I saw Veronica’s shoulders stiffen, because we both knew that was exactly what Sophie was trying to do—delay the sale until I’d figured out why Adrienne was still there and what she needed to tell us about what had happened to her.

“Sophie’s very methodical. I mean, look at me. I’ve been renovating my house on Tradd Street since I inherited it. Doing it right takes time.” I almost bit my tongue, having many times during the restoration process admitted that the house would make a spectacular bonfire.

“That’s not helping, Melanie,” he said, offering a conciliatory grin in the rearview mirror.

I smiled back, but I knew it lacked sincerity.

We found parking after circling for a solid ten minutes, and I found myself wishing Jack were with us if only because he had the magic touch with downtown Charleston parking. He had only to drive down a street and a parking spot would magically appear exactly where he needed it.

Just the thought of Jack made me teary-eyed and I turned my face toward the window so nobody would see. It was ridiculous, really. I was a mother of three and a successful professional woman. I’d even faced some very scary ghosts and lived to tell about it. I had no reason to believe that I couldn’t get through Jack’s departure with grace, dignity, and the courage to believe that our separation was temporary. And with the sure knowledge that I could figure out how to get him back. Yet I still woke up each day with the urge to stay in bed, curl into a ball, and cry until Jack took pity on me and returned to me.
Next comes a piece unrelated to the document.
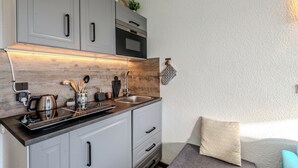 Cozinha compacta com armários cinza, forno preto e painel atrás do fogão em madeira.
We left the car, then walked down George Street toward Porter’s Lodge. The small Classical Revival building resembled a Roman triumphal arch and served as the actual entrance to the campus, according to the thorough research I’d done online the night before. It sat at the bottom of the bucolic Cistern Yard and in front of the stately and columned Randolph Hall, site of the spring graduation ceremony that involved white dresses, long-stemmed red roses, and white dinner jackets with red rose boutonnieres instead of caps and gowns. Alston had been talking nonstop about it during the entire car ride, making me wonder if she’d thought about what she’d have to actually study and achieve at the college before she got to that point.

I strolled casually, trying not to think about seeing Jack for the first time in almost four weeks. Or that I hadn’t a clue as to what I was supposed to say to him. If I could have traded in my ability to talk to the dead for knowing how to talk to Jack instead, I would have. Although I still couldn’t convince myself that I could have done things any differently. And maybe, as a niggling thought kept reminding me, that was the crux of the problem.